WHAT THE EXERCISE ASKS: Every line below is to be set down again exactly; any image stays out.

START DATA SECTION

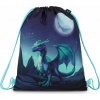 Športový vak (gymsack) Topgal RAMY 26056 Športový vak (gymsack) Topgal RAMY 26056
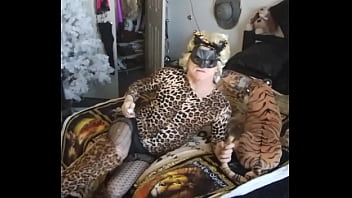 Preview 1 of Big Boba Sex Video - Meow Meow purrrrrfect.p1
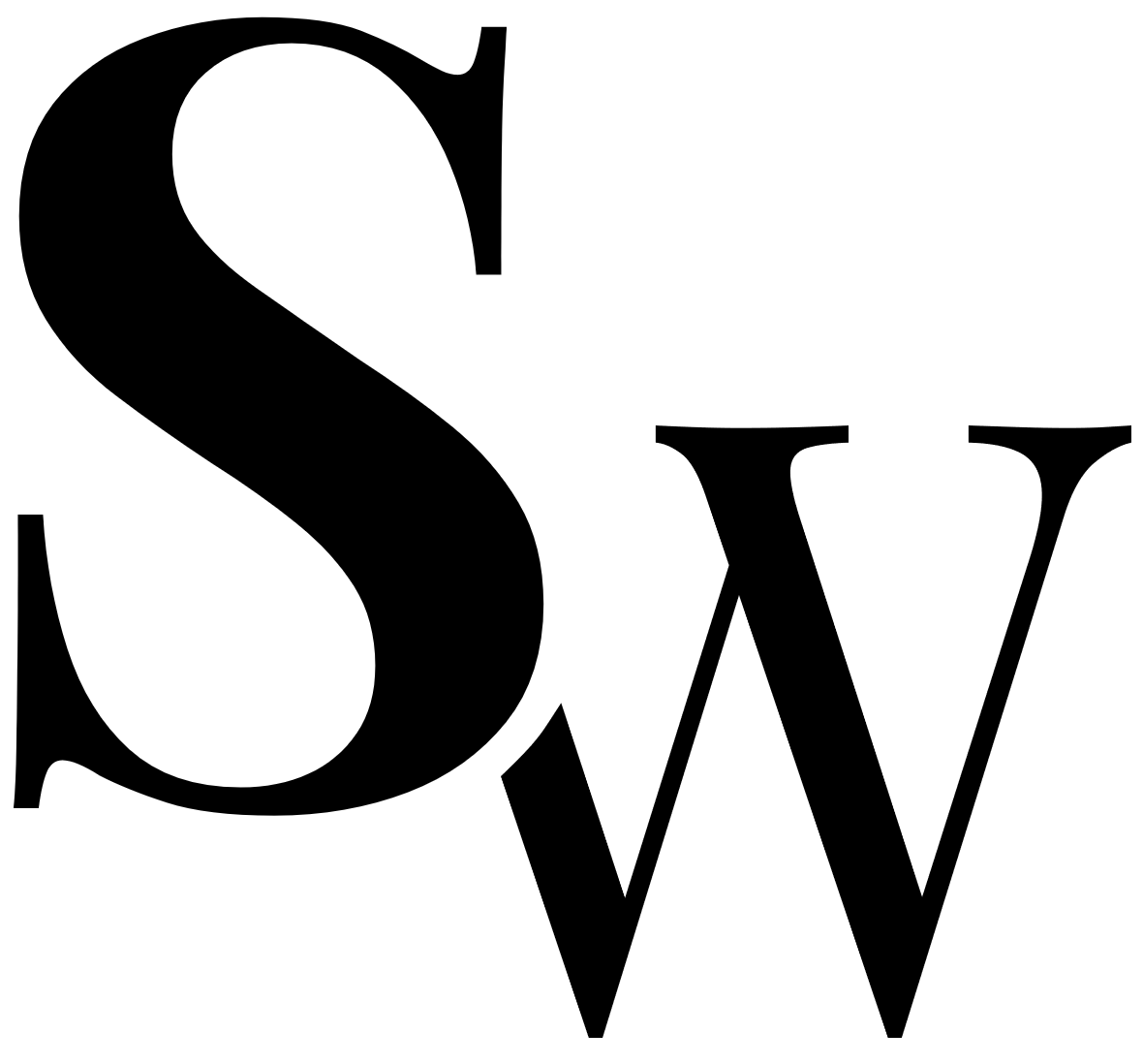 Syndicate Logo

END DATA SECTION

EXERCISE OUTPUT:
 Športový vak (gymsack) Topgal RAMY 26056 Športový vak (gymsack) Topgal RAMY 26056
 Preview 1 of Big Boba Sex Video - Meow Meow purrrrrfect.p1
 Syndicate Logo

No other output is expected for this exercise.